社会的に目覚めること、間違いを正そうとすること、それは面倒なことなのだろうか? 今一度それを判断するためにも、このウォークという言葉がどのように生まれ、その意味とニュアンスがその後どのように変化してきたのかを知ることは極めて重要に違いない。
そこで本稿では、2010年代のブラック・ミュージックを主な題材に、『ミックステープ文化論』『誰がラッパーを殺したのか』などの著作で知られ、ブラック・カルチャーに精通する小林雅明に「ウォーク」の歴史と現状を解説してもらった。
リード:小林祥晴
「woke」「stay woke」とは一体何を意味しているのか?
But stay woke
Niggas creepin' (niggas creepin')
They gon' find you (they gon' find you)
Gon' catch you sleepin', ooh
Now stay woke (stay woke)
Niggas creepin' (niggas creepin')
Now don't you close your eyes…
夜も更けた住宅街で道に迷ったラキース・スタンフィールドが何者かに連れ去られるアヴァンタイトル、そして(彼を運ぶクルマの)車窓ショットから、ダニエル・カルーヤ演じる主人公の住む部屋へとタイトル・クレジットの映像が切り替わった瞬間に聞こえてくるのが、チャイルディッシュ・ガンビーノが歌う“Redbone”のこの箇所からだった。2017年の映画『ゲット・アウト』の導入部で流れるこの曲を通じて、「Woke」あるいは「Stay Woke」というフレーズに注意するようになった観客もいるだろう。「Stay Wokeっていうのがイイね。それが、まさにこの映画が言わんとしているところだから」と監督のジョーダン・ピールは言っている。
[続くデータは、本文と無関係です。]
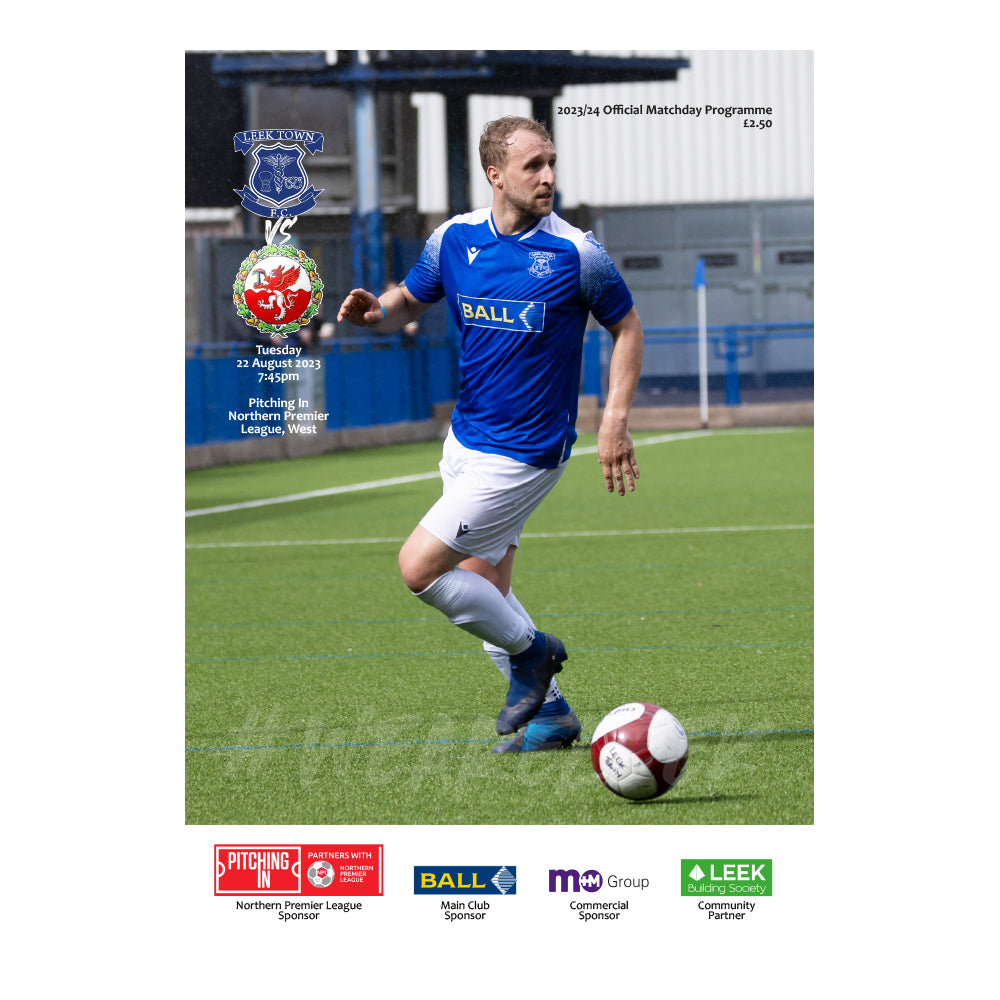 2023/24 02 Leek Town v Trafford NPL West 22.08.23 Programme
まず、アフリカ系アメリカ人特有の表現だった、この「Woke」ということばだが、2017年には、メリアムウェブスター辞典とオックスフォード英語辞典で立項されている。前者では「重要な事実や問題(とりわけ人種間の平等や社会正義に関するもの)を意識していたり、積極的に気にかけている状態」と、後者では、元々は1962年のアフリカ系アメリカ人作家ウィリアム・メルヴィン・ケリーが使用した「十分に情報を得ている。最新の」、現在では主に「人種的あるいは社会的な差別や不公平に警戒して」と語意が記されている。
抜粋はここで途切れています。